This album is staggering in its creativity, even though it's probably the most pop-focused of Rollerball's releases. They bring the funk influence, which has always been lurking, closer to the fore quite tastefully, with propulsive drums and full-bodied bass inspiring movement, but the highlight of their music is definitely the super-catchy lyrics and melodies. Stabbing, anthemic horn leads and smoky piano lines accompany their vaguely dadaist cabaret vocals, singing seemingly lighthearted verses about clarinet samples and our forefathers wearing drag, but the sense of tension that their dramatic presentation inspires is remarkable. Rollerball's little details of organic experimentation and everything-including-the-kitchen-sink noisemaking are still present in some form, but they're more tightly woven into the songs themselves, such that the album is full of interesting sounds throughout, but free from gratuitously tacked on elements. Still, this is a far cry from the extended free-noise of their earlier works. Tracks like "66 Deadhead Spies" and "Starling" play up the loungey aspects—shared male/female vocals and slick piano instrumentation; while a steady bassline anchors "Mike's Hind," the sole instrumental piece, as various sound effects and improvised phrases float through the mix. "Spine Delay" seems to be a shout out to all dudes in the audience with its deranged, at times hyper-falsetto, singing, until the horror-movie organ emerges and the band settles on a mellow groove. The album ends with a suitably incomprehensible spoken word piece about nature. Rollerball are an entertaining and interesting band, and it's great to hear further development of their refreshingly unique pop music.

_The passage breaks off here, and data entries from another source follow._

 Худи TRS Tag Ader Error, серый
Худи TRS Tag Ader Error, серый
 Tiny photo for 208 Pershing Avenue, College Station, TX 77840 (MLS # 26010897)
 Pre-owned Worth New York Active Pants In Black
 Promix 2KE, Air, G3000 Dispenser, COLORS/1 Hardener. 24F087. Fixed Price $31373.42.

~ Steve Smith, Brainwashed.com

This album is a real delicious mindblower, at first I thought I'd put Tom Zé on by accident, but it's just part of the wildly diverse aesthetic of Rollerball, to have incorporated elements of tropicalia in their genre hybrid mix of sounds and influences. This Portland band are hard to pin down, but imagine Slapp Happy sending tart valentines to Can by way of Sun Ra. Dub Housing Pere Ubu doing grooves with Volcano the Bear and setting fire to their hats, or Piano Magic jamming with Carla Bley. Shape shifting through free jazz, improvisation, funk, gypsy reels, woozy mariachi, male and female vocals, sci-fi dub, organic electronica, punchy extraterrestrial soundtracks, hallucinatory madrigals, and some sort of smooth futuristic pop. Easily one of the best albums of the year.

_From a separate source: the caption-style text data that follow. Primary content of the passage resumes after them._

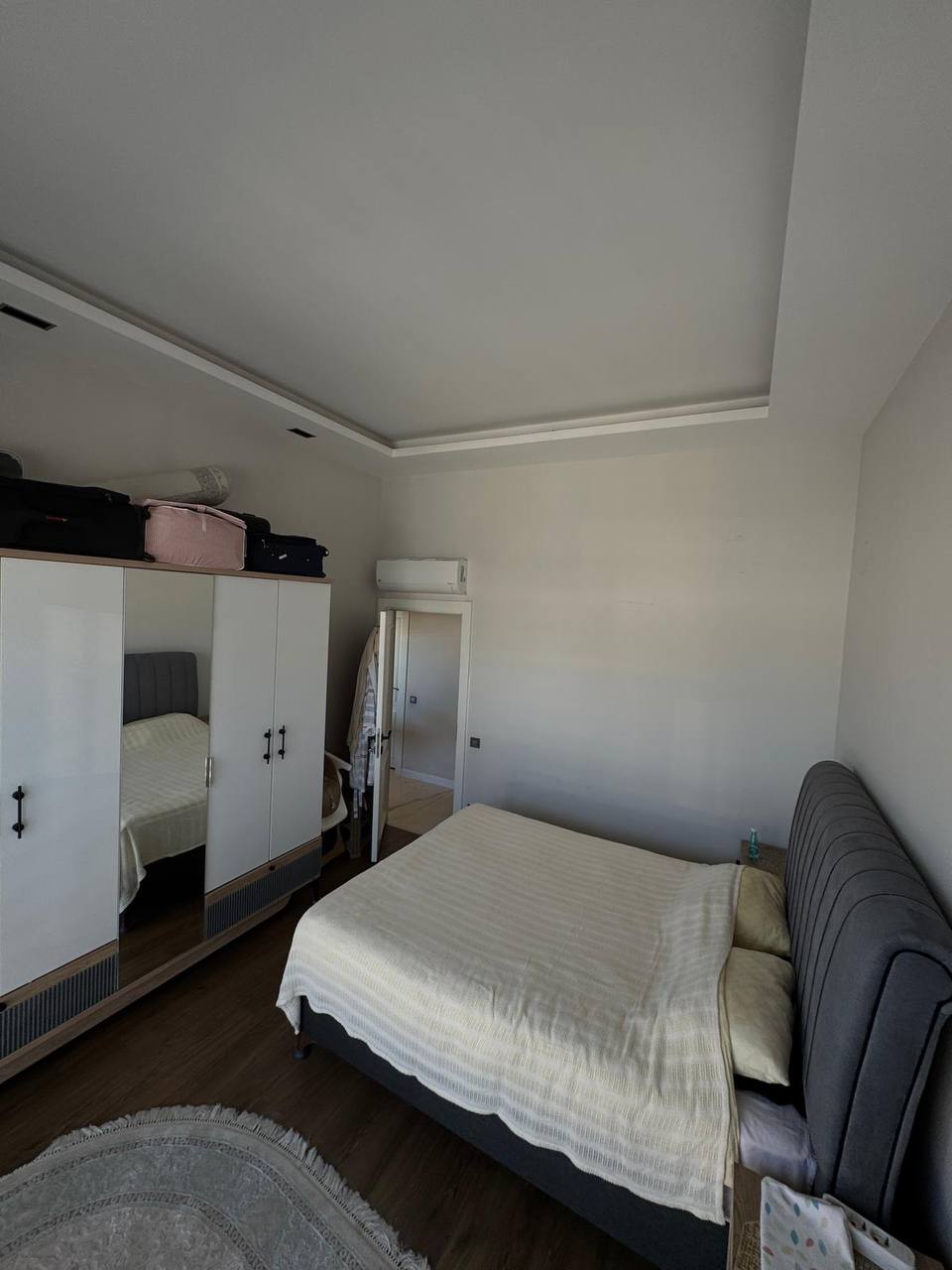 Пентхаус в Анталии, Турция, 180 м² - фото 16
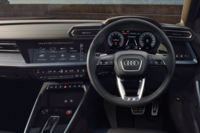 S3 スポーツバック （ハッチバック）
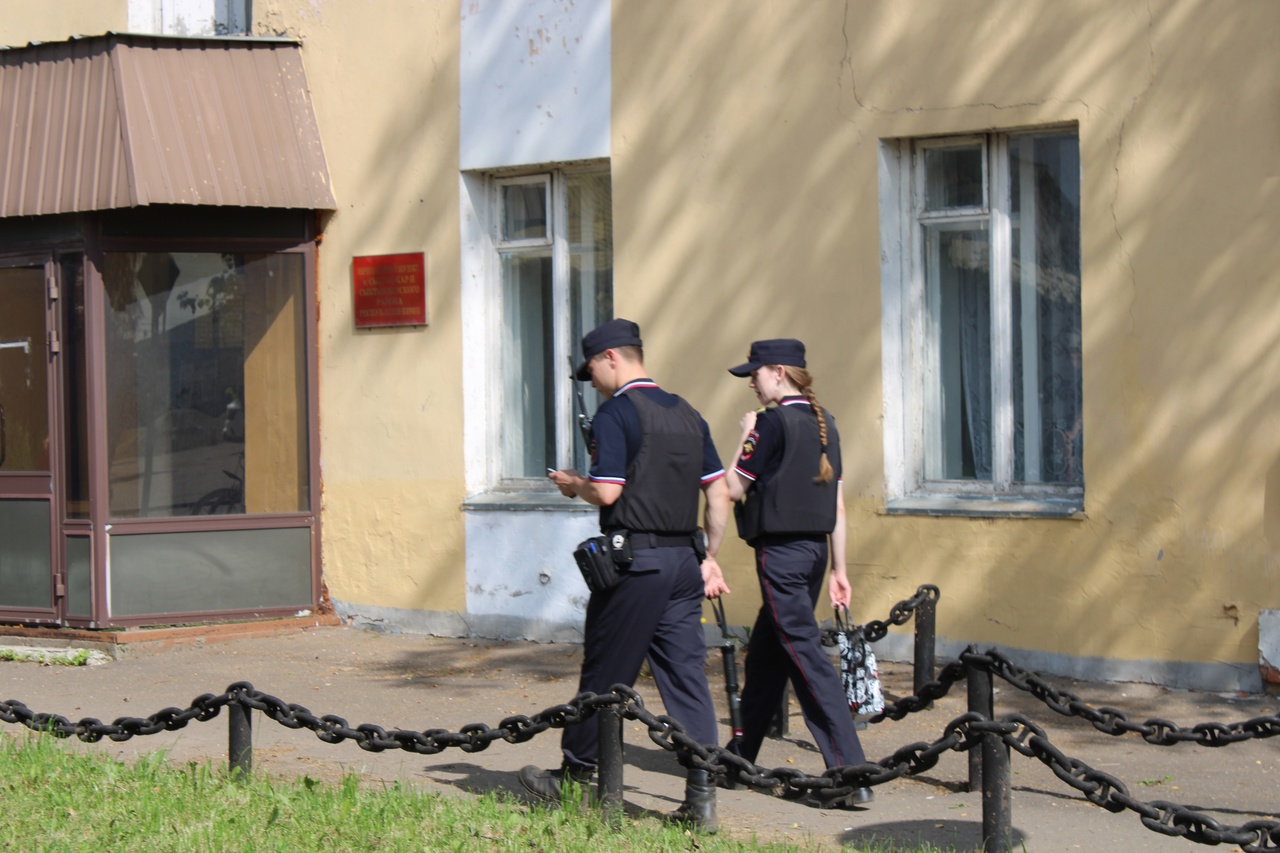 В Ухте заключили под стражу телефонного мошенника, похитившего один миллион рублей у пожилых людей 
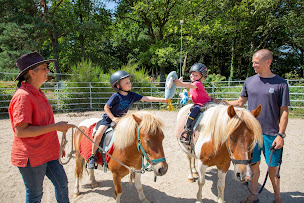 Photo n°11 de Camping du Lac de Saint-Pardoux - Terracamps à Saint-Pardoux-le-Lac (Terrain de camping)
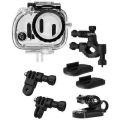 Xcel HD Sport Accessories Kit Pack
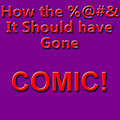 How it Should have %$*$ Ended #12 or It! V. Furry!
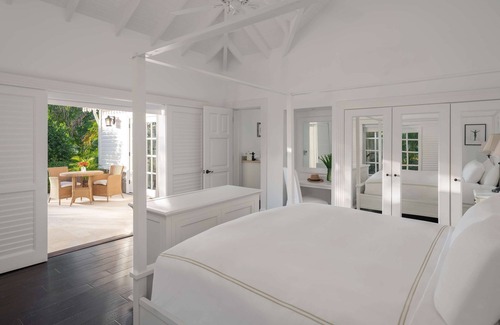 Soufriere Resort | Sugar Beach, A Viceroy Resort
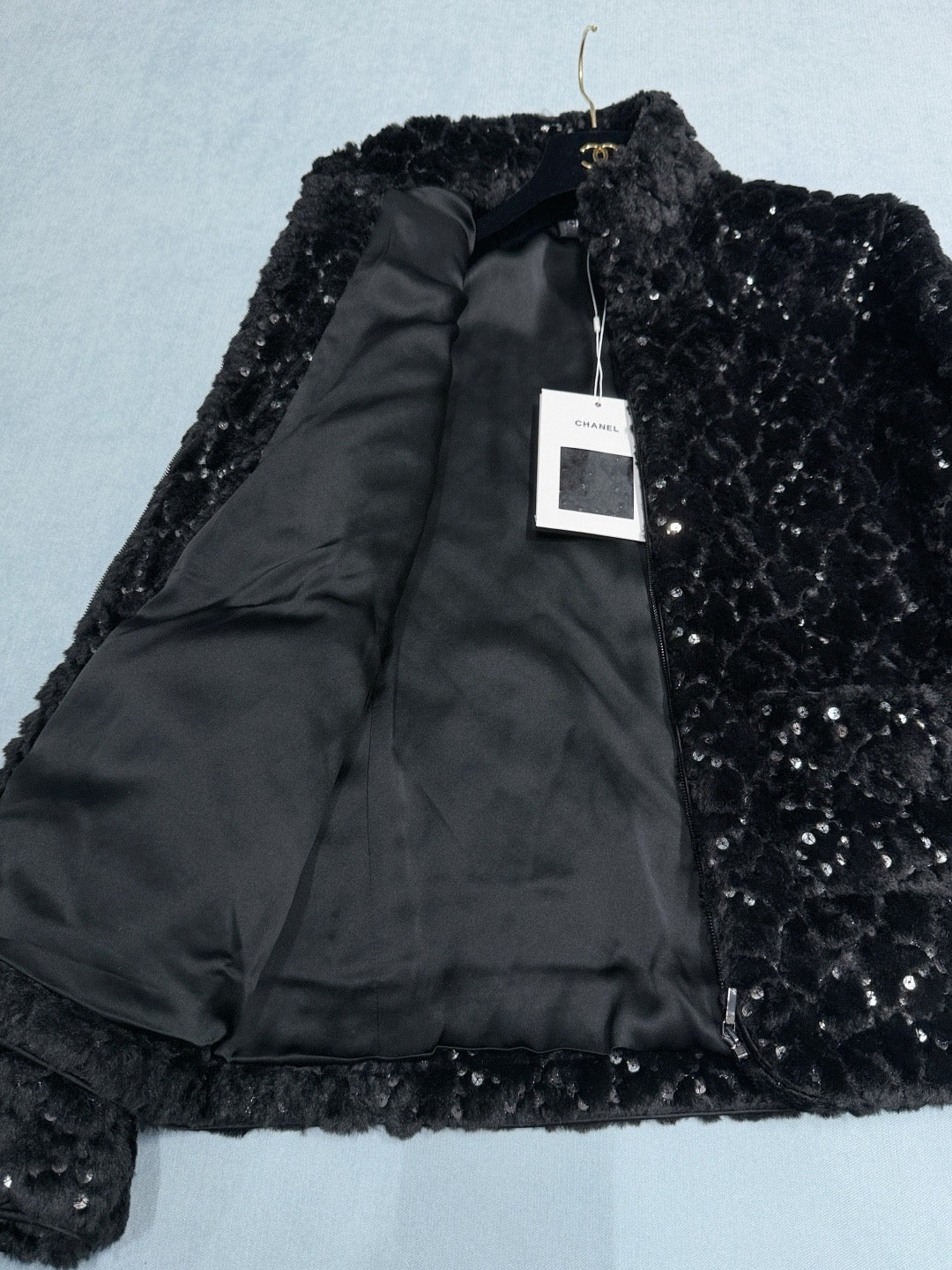 CC JACKET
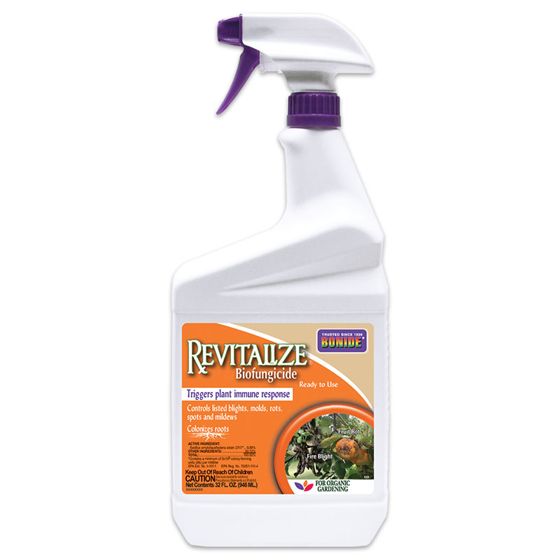 Photo of Bonide® Revitalize Bio Fungicide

~ George Parsons, Dream Magazine

Rollerball's Real Hair is one of those recordings, like Sonic Youth's Bad Moon Rising and "The Monster Mash," which reminds me of Halloween each time I hear it. I'm not sure why, but I'm guessing it has to do with an overall creepy atmosphere and lyrics like "Like all your friends, they're there to bleed." That line comes from the first track "Girls Higging Trees," and it's right after the line "Sun was blocking out the church sign today/thank God," which might be another clue to the devilish feeling of the album. Those lines are sung in a weirdly gothic tone, but I can't say for sure that Rollerball wear all-black and worship Satan. These are slippery folks, too tricky to hang many judgments on. Drums, bass, piano and horns are the dominant instruments, but they don't always use them as you might expect. Their music is a form of jazz-inflected midnight-mood pop that has an arty distance about it, yet they're always out to surprise you, getting moodier and more minimalist here, slipping into a marching-band funky stroll routine there. On one song they'll conjure up the ghost of Miles and on the next they'll sound like folk music from some long-forgotten place (Translyvania, maybe?). On a song called "Spine Delay" one member of the group even breaks out an off-kilter, sort-of rap about fairies and palaces which feels completely out of the blue and then melds into an organ playing church music. Real Hair ends with a song called "Eight Inch Nun": the title sounds like it should be on a Dr. Demento compilation, but the song itself is a haunting, meditative piece of music with an intriguing poem read over it. What's the deal with Rollerball? I can honestly say I have no idea what they're up to with their music, but I like it. They confuse me, but sometimes it's good to be confused.
~ Dave Heaton, Erasing Clouds

Just when I think I have those merry pranksters over at Silber figured out, they somehow manage to spring a new one on me. At first, I thought they were a drone-oriented label (thanks to Aarktica's stellar No Solace In Sleep). But they've veered off into minimalist soundscapes (If Thousands) dark-ambient pieces (Kobi), more drone (Small Life Form), folk (Rivulets), industrial (Clang Quartet) and even a wee touch o' goth (Lycia). And then along comes Rollerball's Real Hair, which carves out its own unique niche in Silber's catalog.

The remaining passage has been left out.